During an unprecedented period like the COVID-19 outbreak, visibility and control become even more important, since there are so many places where compliance may break down.
To make it easier to understand, let’s look at this through the lens of policies and procedures, but the same perspective can be applied across other areas, too.
Why are visibility and control important?
Visibility and control of policies are essential elements in maintaining a good compliance practice within an organisation, irrespective of the department or function. Firstly, policies should be visible only on a need-to-see basis. As an example, an employee might need to be prevented from viewing a particular policy because it is restricted to the treasury department. There could be confidential trading-related policies that shouldn’t be read by employees outside the department.
Secondly and more importantly, the correct version of the policy should be visible to the relevant employee or stakeholder. There is no point in an employee being able to read and adhere to a policy that is outdated. Reporting also plays a vital part here by ensuring that employees have read and acknowledged the policies relevant to their roles as per corporate direction.
So we can see how visibility and control are tightly coupled in making sure that the right employees read and adhere to the right policies at the right time.
Some practical examples
Here are some simple examples of how visibility and control, when applied to a particular policy, can be helpful.
Take for instance the typical “anti-bribery policy” – every organisation has some shape or form of this. Employees are hired and employed in good faith, and under the usual circumstances, an employee would willingly never take a bribe.

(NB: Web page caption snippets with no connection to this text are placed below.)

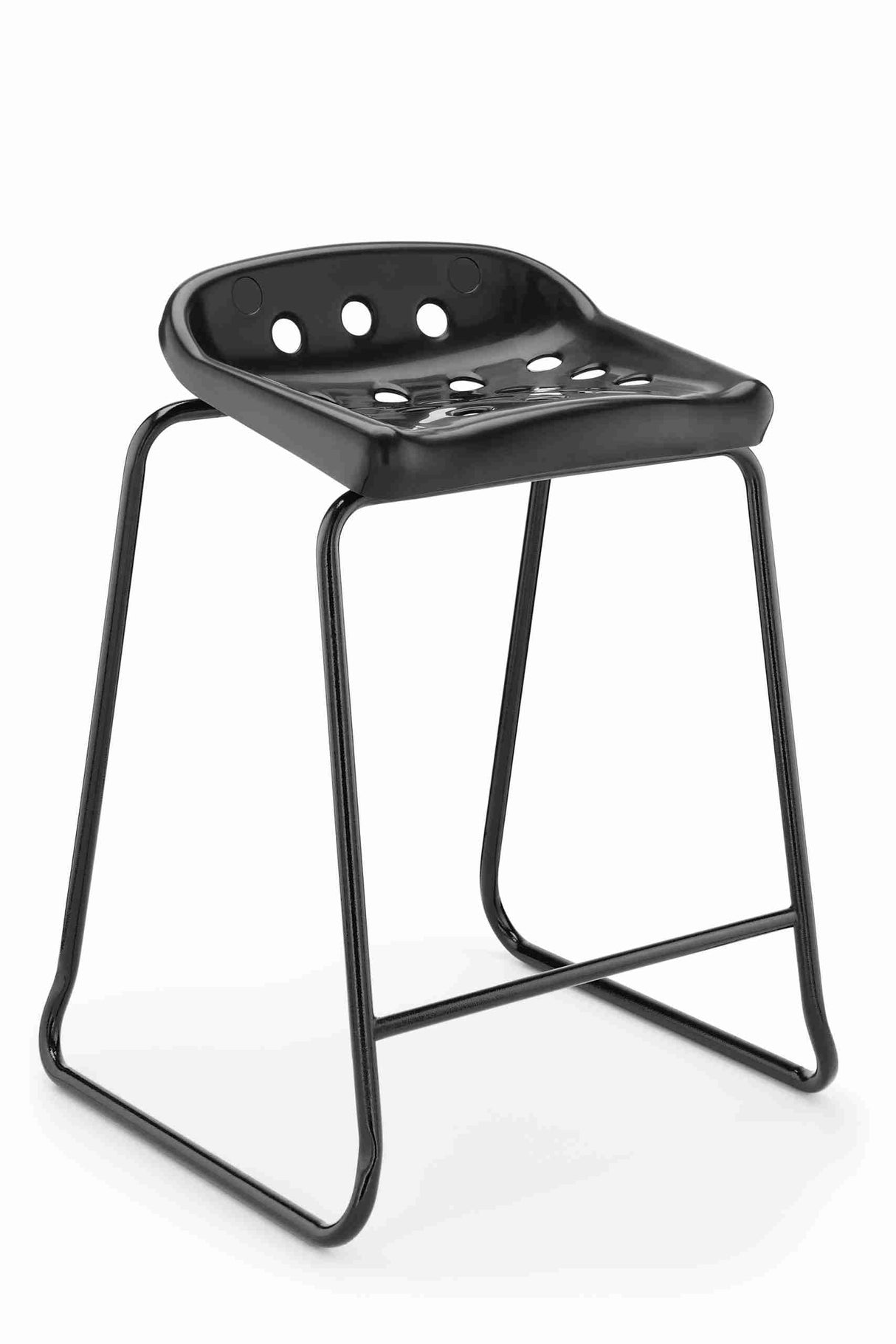 Bold black Pepperpot Stool with modern design and improved comfort for enhanced productivity.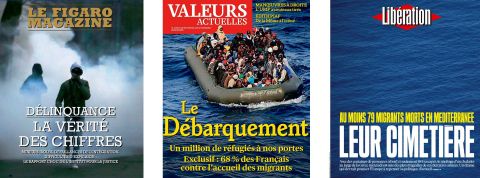 3 une de journaux illustrant le traitement de l'immigration: Le Figaro Magazine, Valeurs actuelles et Libération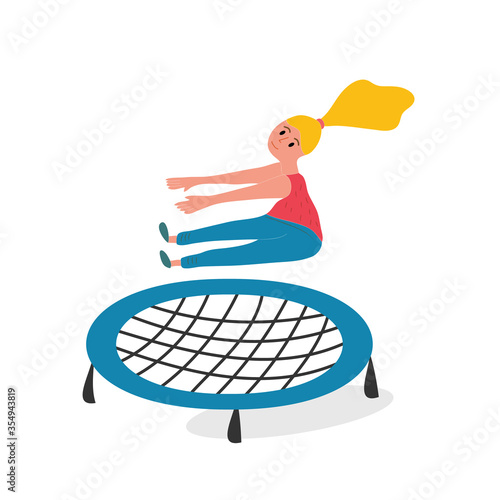 Happy girl jumping on trampoline. Young woman having fun jump and bouncing, spare time, training and activity. Cartoon flat vector illustration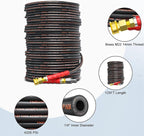 Pressure Washer Hose 125FT, 4200PSI High Tensile Wire Braid Kink Resistant Power Washer Extension Hose, 1/4" Flexible Replacement Hose with M22-14mm Brass Swivel Thread and 3/8 Quick Connect
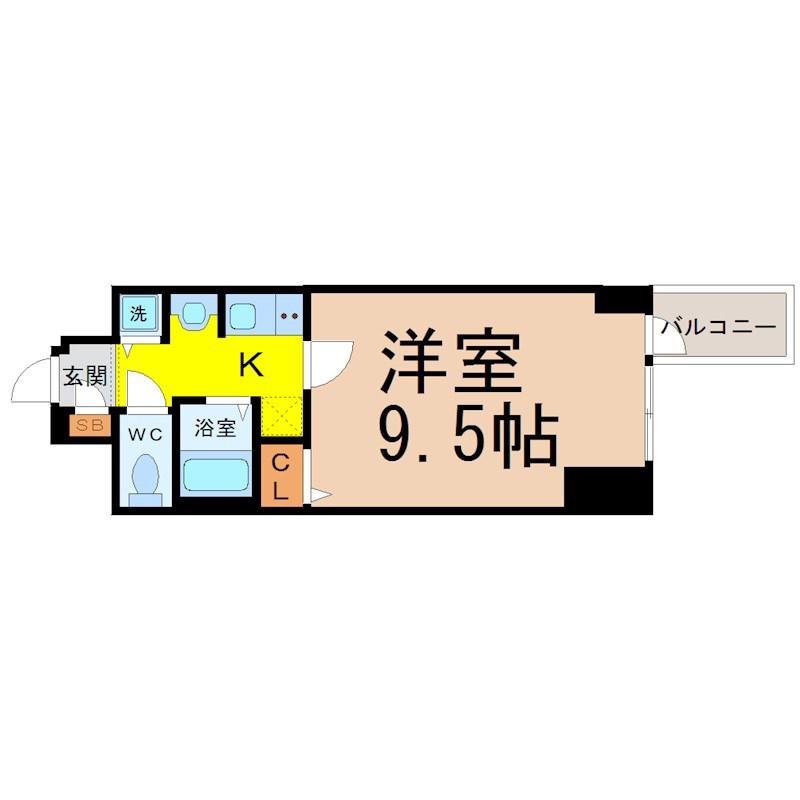 プレサンス東別院駅前コネクション(1K/8階)の間取り写真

But how is s/he supposed to know the difference between an acceptable gift which can offend the giver if not received versus a gift that can be constituted as a bribe? Correct visibility and control around the “anti-bribery policy” can help the organisation track whether the employee is aware of the latest corporate direction in terms of what is acceptable or not.
Or consider the “whisteblower policy” which almost every company also has in some form or other. Here, we see the other end of the spectrum. Can we confidently say that an employee in an organisation will take action and become a “whistleblower” if necessary? Here, we want an employee to take action in a certain way. Unless the employee is confident that s/he is clear on the steps to be taken and the fact the s/he is protected from repercussions, the whole point of the policy has failed.

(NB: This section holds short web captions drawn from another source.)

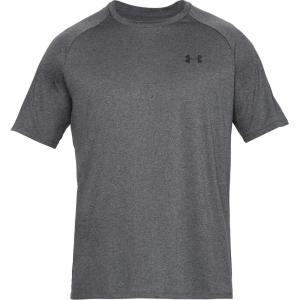 imageUnder Armour Mens Tech 20 VNeck ShortSleeve TShirtCarbon HeatherBlack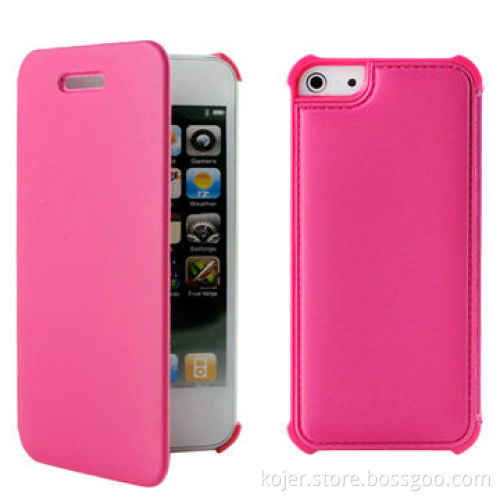 Book Style Flip Mobile Phone Cases for iPhone 5, Magnetic Flap on Top, OEM Orders are Welcome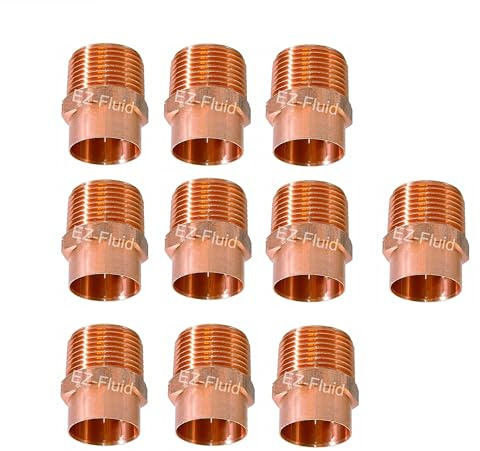 (10pcs) EZ-FLUID 1/2 C X MIP LF Copper Male NPT Adapter Pressure Copper Fittings,Sweat Solder Connection for Residential,Commercial Tube Pipe Plumbing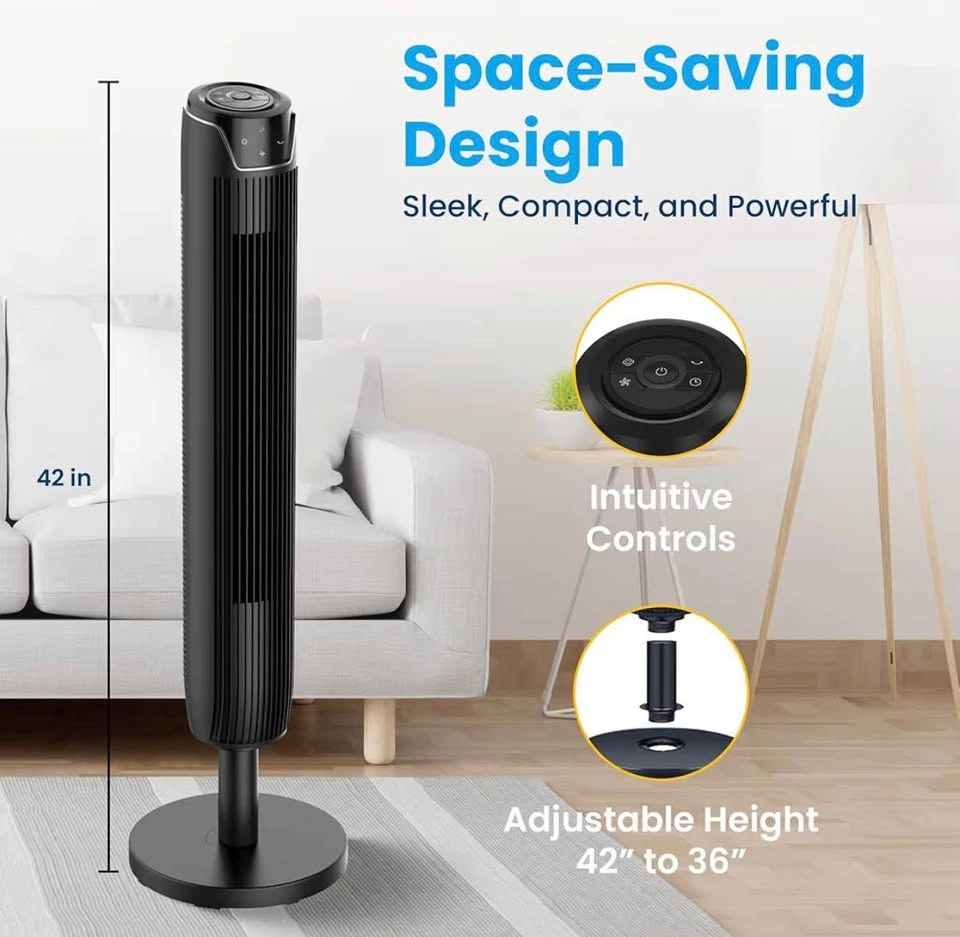 New Senville 42” Oscillating Tower Fan – Remote, Quiet - photo 2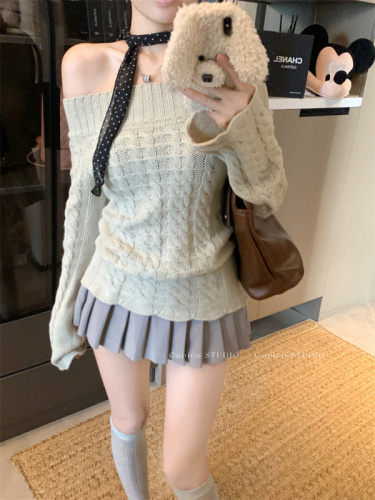 Actual shot of one-shoulder long-sleeved sweater top for women with scarf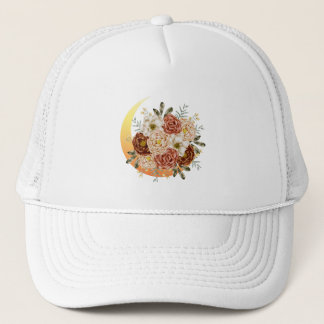 Blommigten måne och blommor keps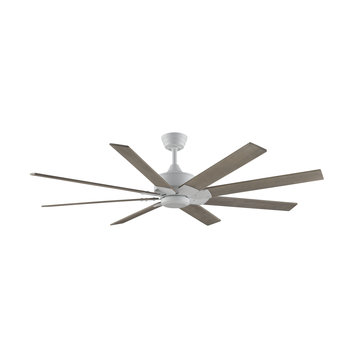 Levon 63" Ceiling Fan Matte White With Washed Pine Blades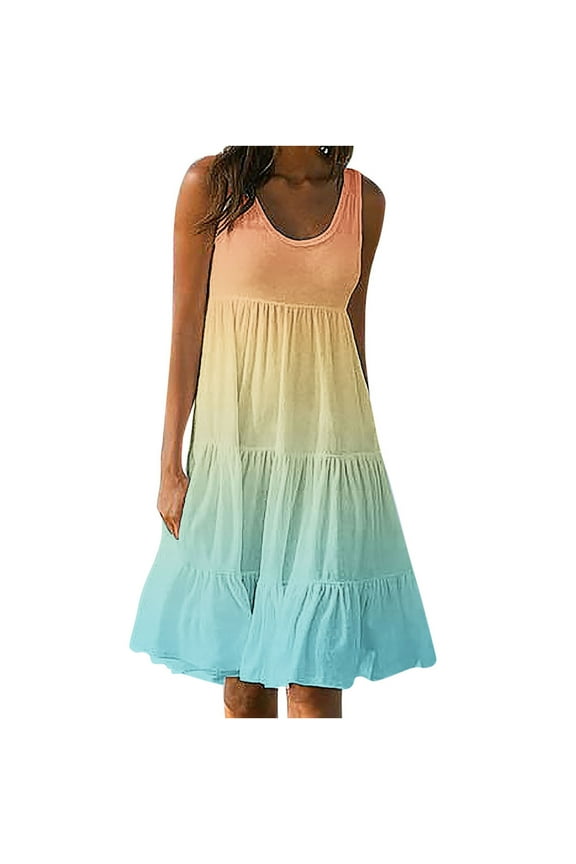 Sundresses for Women 2024 Sleeveless Cute Petite Mini Dress Tiered Summer Flowy Boho Sundress Beach Wear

What happens if either visibility or control fails?
The examples illustrated above are based on two random policies I pulled out from our own corporate policies. But we can easily cast our net wider and look at real life examples as well. The well-publicized Volkswagen Emissions Scandal could probably have been avoided if there had been visibility and controls in place with regards to a proper whistleblowing policy.
There was every chance that an engineer in the testing department could have escalated this to the top had s/he had adequate visibility of the “whistleblowing” policy. This has led to questions being raised around where the “whistleblowers” were in the company at that time. I believe a more pertinent question is, was there adequate visibility and control in order to effect a proper whistleblowing culture in the organisation at the time of the incident?

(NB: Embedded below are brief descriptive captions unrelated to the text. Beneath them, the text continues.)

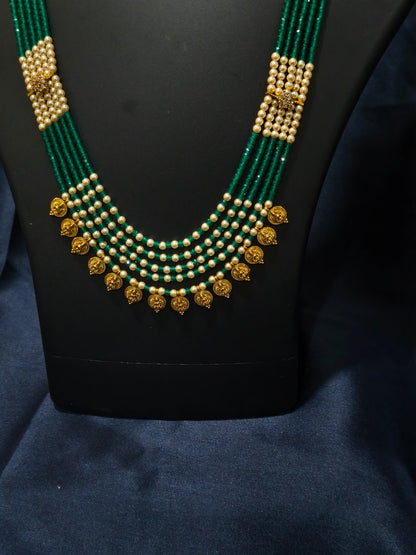 5 Layered Green Pearl Kasu Mala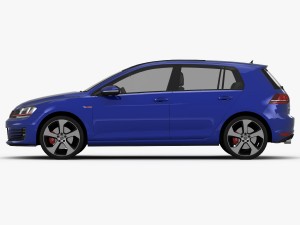 volkswagen golf 7 gti 5-door 2014 Modèle 3D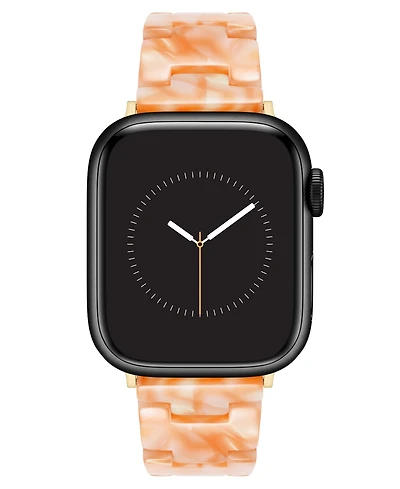 Anne Klein Women's Peach Marbleized Acetate Bracelet Band for Apple Watch 10 38/40/41mm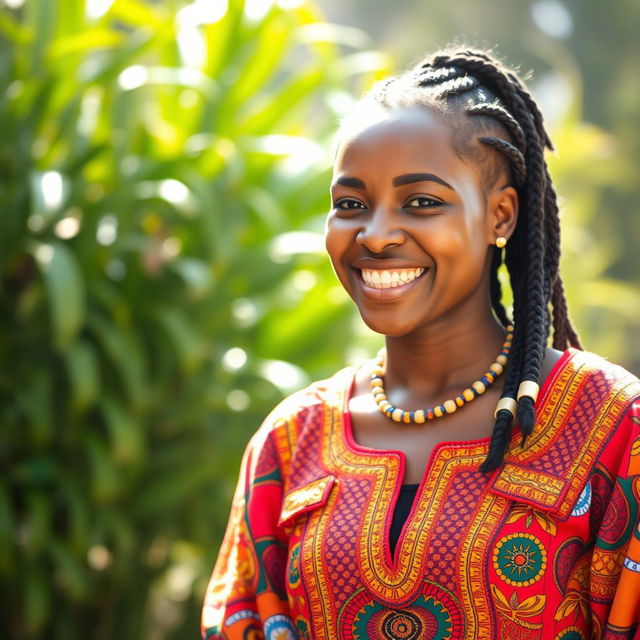 A joyful West African woman with radiant skin and a beautiful smile, wearing a colorful traditional outfit embellished with intricate patterns
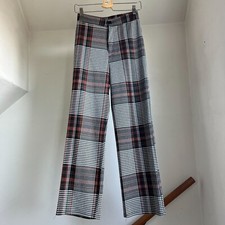 Vintage 90s plaid wide leg flare pants High wasted rise size 25" waist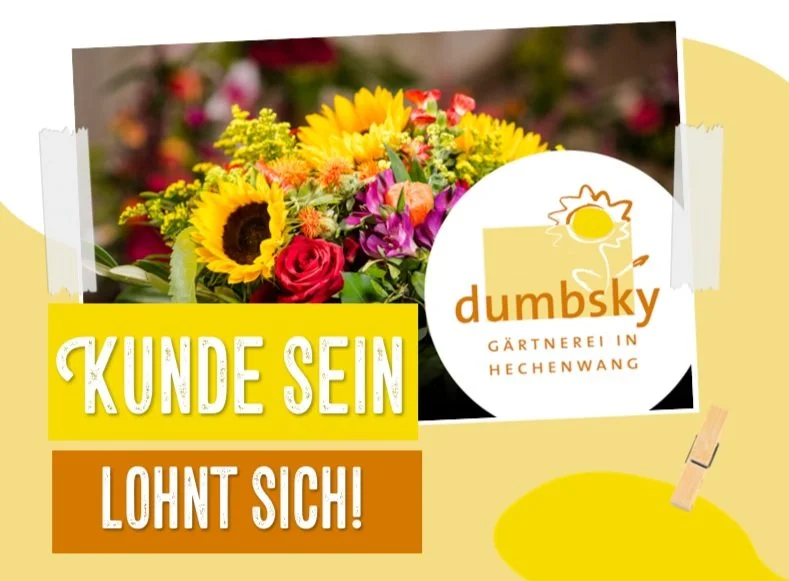 Kundenkarte der Gärtnerei Dumbsky in Hechenwang mit bunten Blumenstrauß und Vorteilen für Stammkunden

What’s the best way to protect against failure?
Technology can certainly ease in protecting against failure of visibility and controls in every department. It can make administration and reporting easier and help have tighter controls in place. Outside technology, department heads should be empowered and made responsible to ensure their teams follow the right policies and procedures at all times.
The buck does not stop there and individual employees also need to understand their roles and responsibilities in following and maintaining relevant procedures at all times. This can happen only when there is adequate training and employees, have access to the relevant information right at their fingertips. If they have to reach out to a person every single time, they may feel awkward and rather follow imagined procedures than follow defined protocols.
Organisations and employees want to do the right thing. But oftentimes, the problem is not with people, but the way information is organised and cascaded. Like it or not, visibility and control are essential elements of this structure. So a well-thought-out method of providing visibility and at the same time controlling the information is key to success. This will greatly help an organisation navigate their regulatory and compliance requirements, which in turn frees resources so the business can focus and excel at its core business.